** Task **
Return, word for word, every line starting at the line with "Used 2022 GMC" and ending at the final line of the entries; skip the pictures.

** Source data **
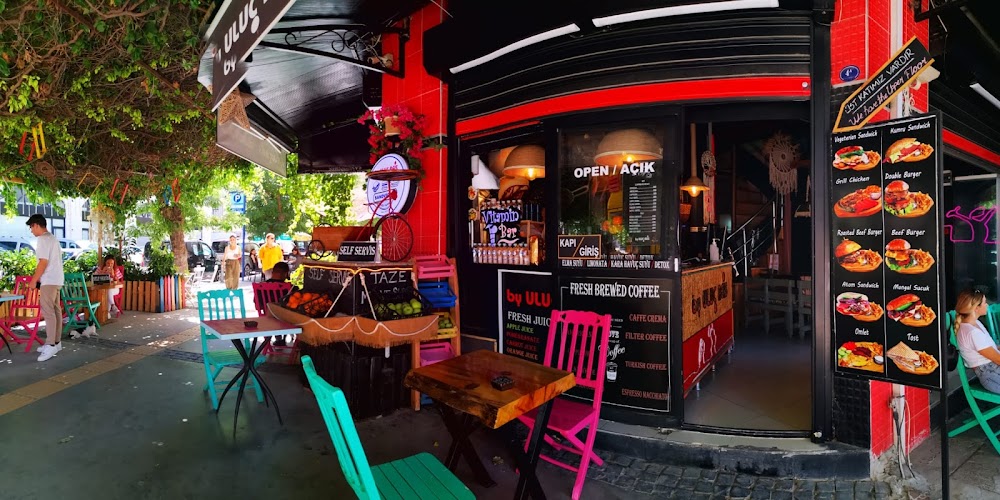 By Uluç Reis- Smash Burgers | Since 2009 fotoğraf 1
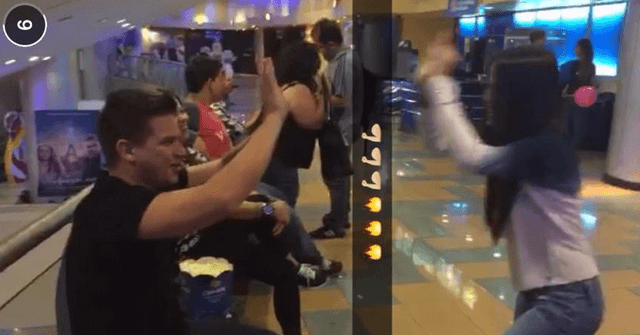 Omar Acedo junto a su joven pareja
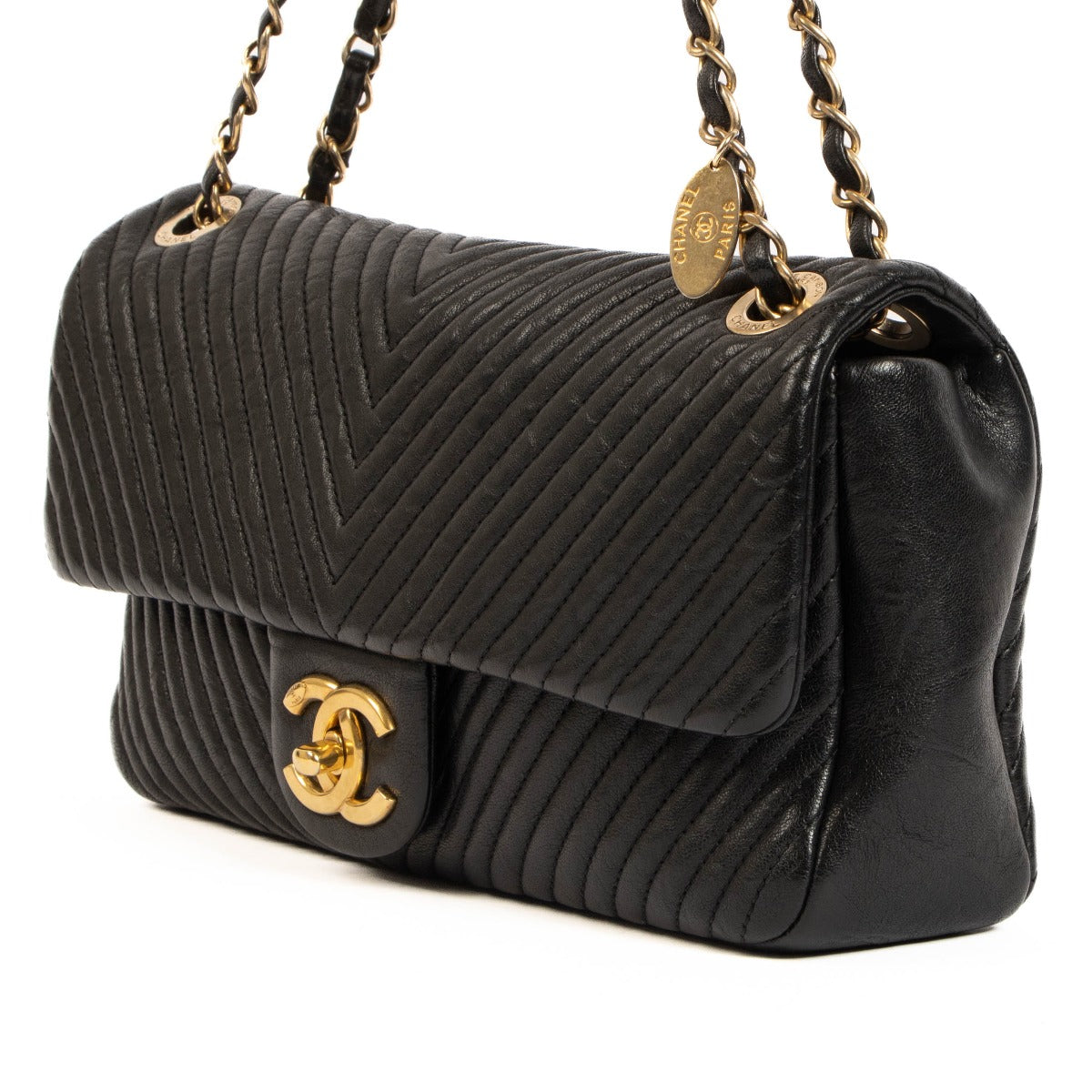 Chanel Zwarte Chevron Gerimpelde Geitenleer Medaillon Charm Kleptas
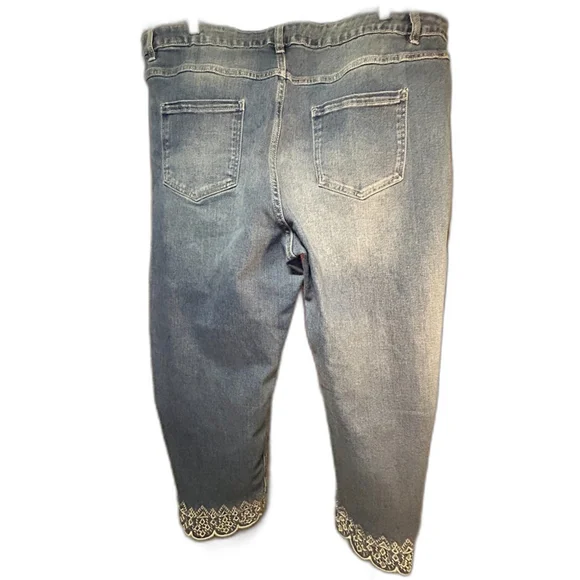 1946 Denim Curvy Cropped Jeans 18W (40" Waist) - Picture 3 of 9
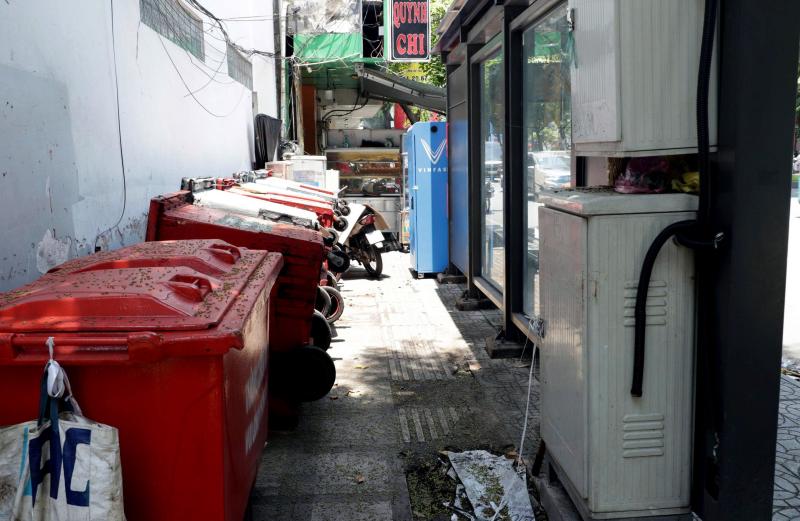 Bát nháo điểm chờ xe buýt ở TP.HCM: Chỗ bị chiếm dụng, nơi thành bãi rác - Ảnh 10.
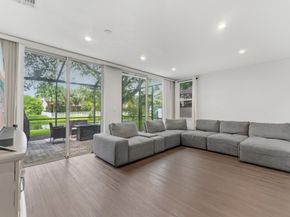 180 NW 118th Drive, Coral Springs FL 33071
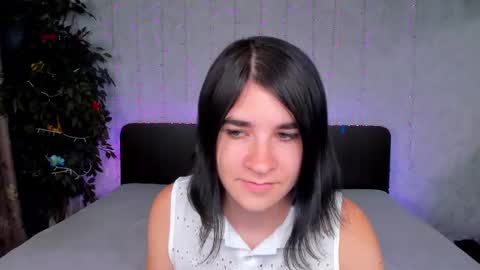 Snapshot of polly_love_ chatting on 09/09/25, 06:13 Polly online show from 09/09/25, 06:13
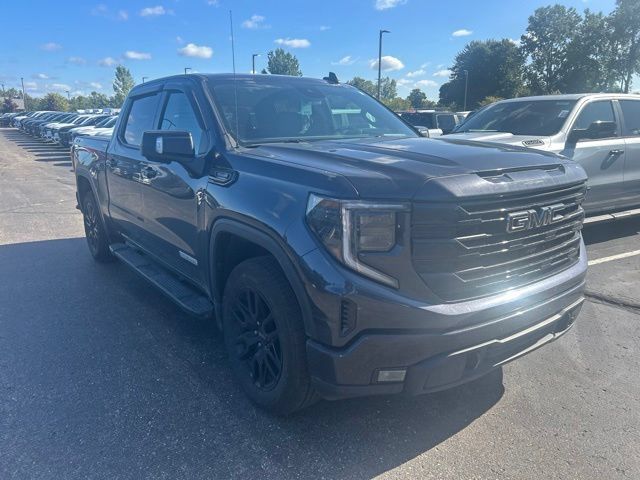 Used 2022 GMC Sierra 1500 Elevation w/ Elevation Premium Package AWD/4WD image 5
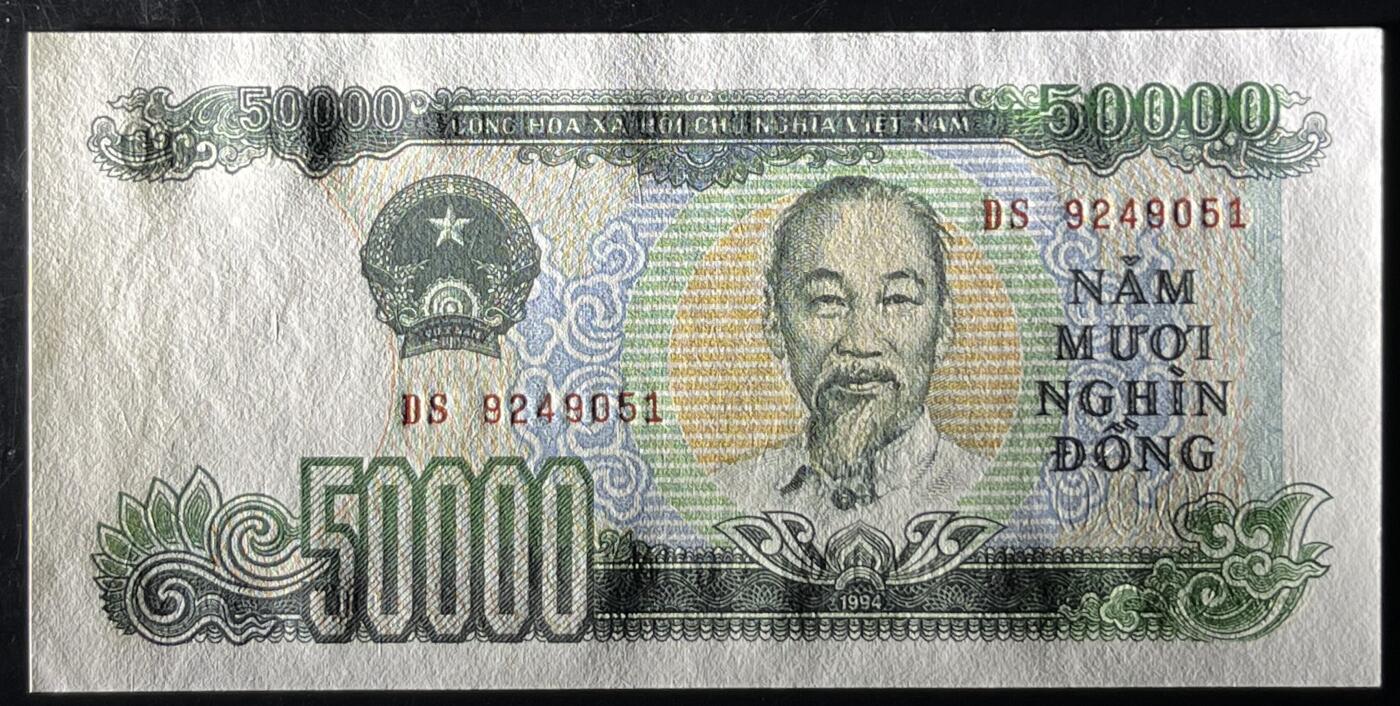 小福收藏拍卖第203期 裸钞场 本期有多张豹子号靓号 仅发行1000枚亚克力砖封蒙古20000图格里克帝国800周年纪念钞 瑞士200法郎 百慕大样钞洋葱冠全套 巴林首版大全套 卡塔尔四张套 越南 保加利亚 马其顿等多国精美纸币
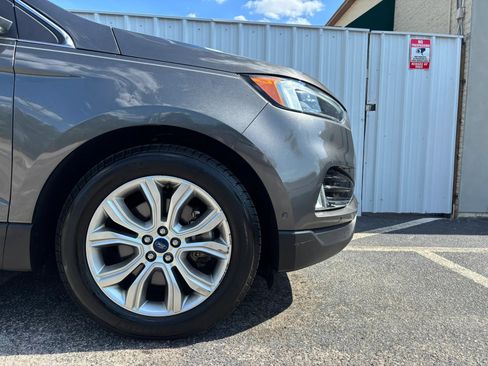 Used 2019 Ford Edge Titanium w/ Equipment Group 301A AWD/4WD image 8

** Answer below **
 Used 2022 GMC Sierra 1500 Elevation w/ Elevation Premium Package AWD/4WD image 5
 小福收藏拍卖第203期 裸钞场 本期有多张豹子号靓号 仅发行1000枚亚克力砖封蒙古20000图格里克帝国800周年纪念钞 瑞士200法郎 百慕大样钞洋葱冠全套 巴林首版大全套 卡塔尔四张套 越南 保加利亚 马其顿等多国精美纸币
 Used 2019 Ford Edge Titanium w/ Equipment Group 301A AWD/4WD image 8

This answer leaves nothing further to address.